NServiceBus uses the concept of endpoints. An endpoint is related to a queue on which it receives messages. If this endpoint is scaled out for either high availability or performance then you still have one queue (with RabbitMQ). So if you would have an instance running on server A and B they both (with RabbitMQ) get their messages from the same queue.

I wouldn't think in app servers but think in endpoints and their non functional requirements in regards to deployment, availability and performance.

Availability vs Performance vs Deployment

It is not required to host all endpoints on server A and B. You can also run service X and Y on server A and services U and V on server B. You then scale out for performance but not for availability but availability is already less of an issue because of the async nature of messaging. This can make deployment easier.
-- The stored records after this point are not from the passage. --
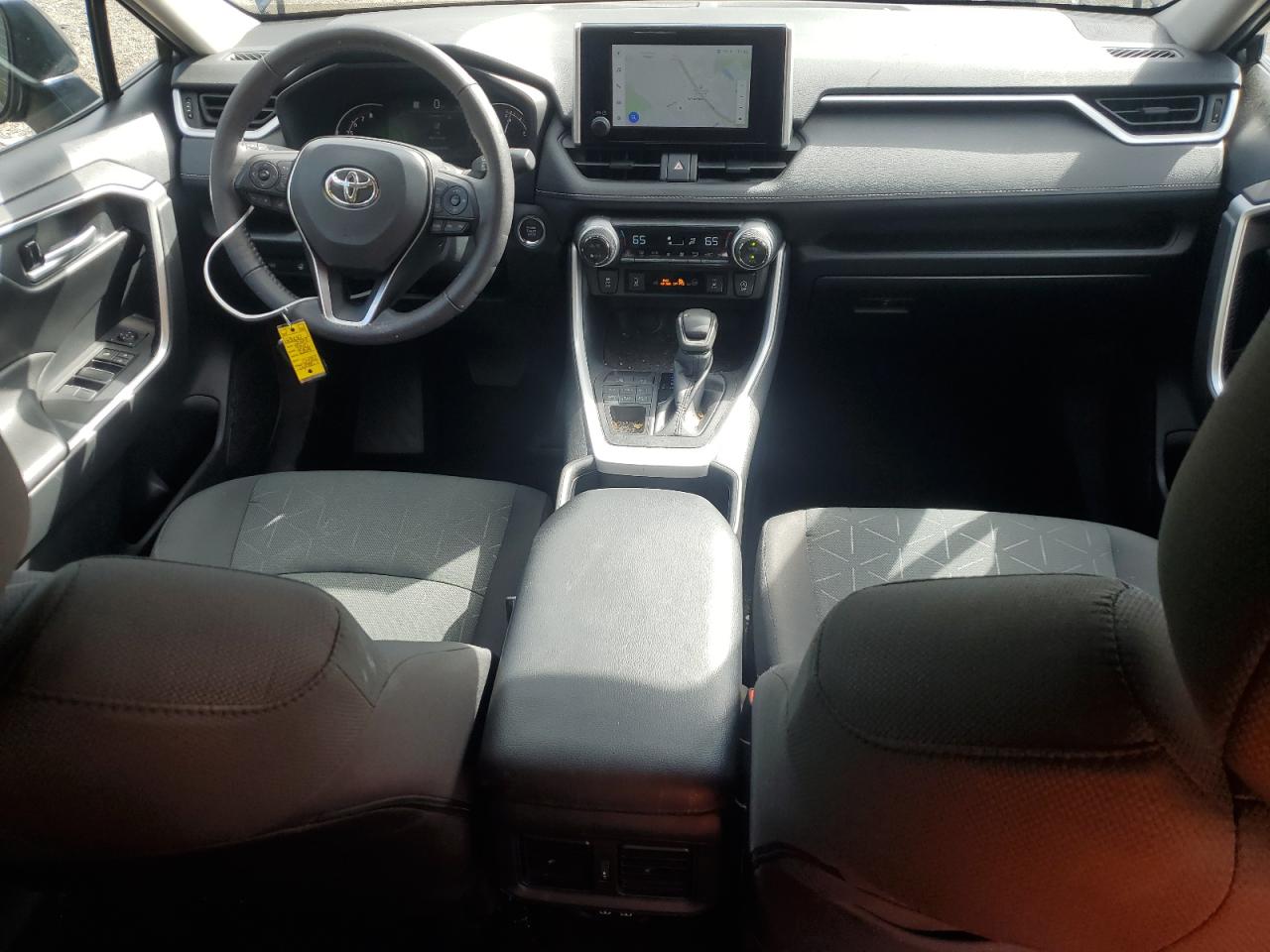 2024 Toyota Rav4 Xle VIN: 2T3P1RFV8RC402958 Lot: 86180065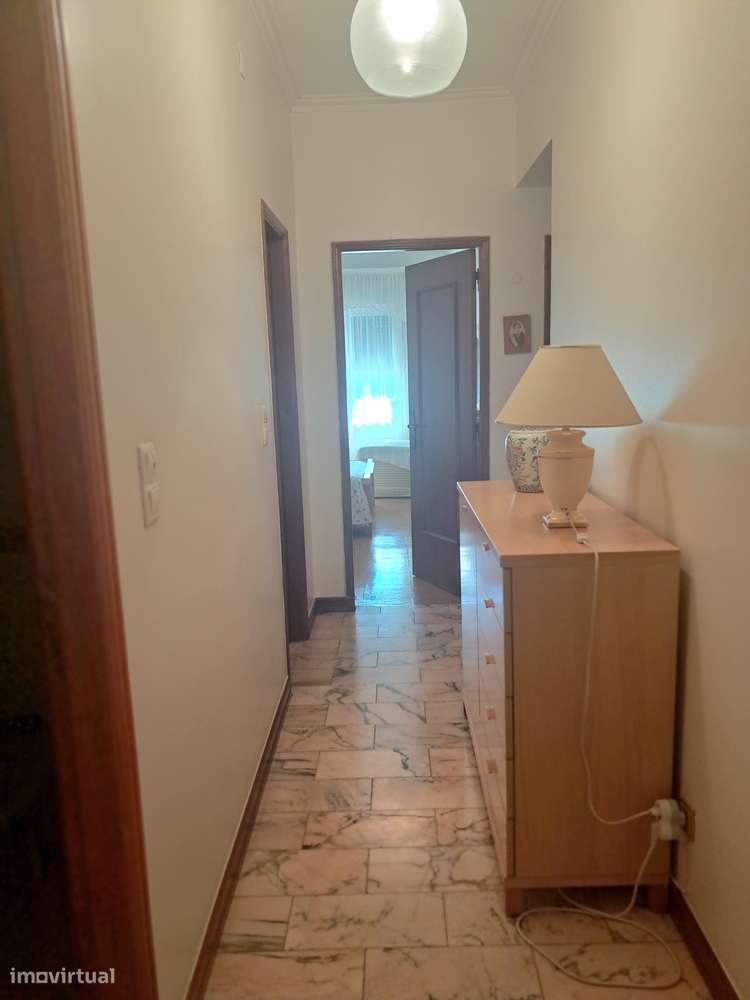 T3 em Prédio de Prestigio nas Laranjeiras com Garagem e Court Ténis-4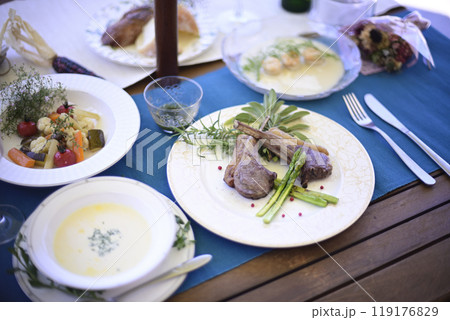 バルコニーで昼食を バルコニーで昼食を 119176829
Pubsub vs Request Response

If the same logical endpoint has multiple instances deployed then it should not matter which instance processes an event. If it is then it probably isn't pub sub but async request / response. This is handled by NServiceBus by creating a queue for each instance (with RabbitMQ) on where the response can be received if that response requires affinity to requesting instance.

Topology

You have:

  • Load balanced web farm cluster
  • Load balanced RabbitMQ cluster
  • NServiceBus Endpoints
    • High available multiple instances on different machines
    • Spreading endpoints on various machines ( could even be a machine per endpoint)
    • A combination of both

Infrastructure

You could choose to run the RabbitMQ cluster on the same infrastructure as your web farm or do it separate. It depends on your requirements and available resources. If the web farm and rabbit cluster are separate then you can more easily scale out independently.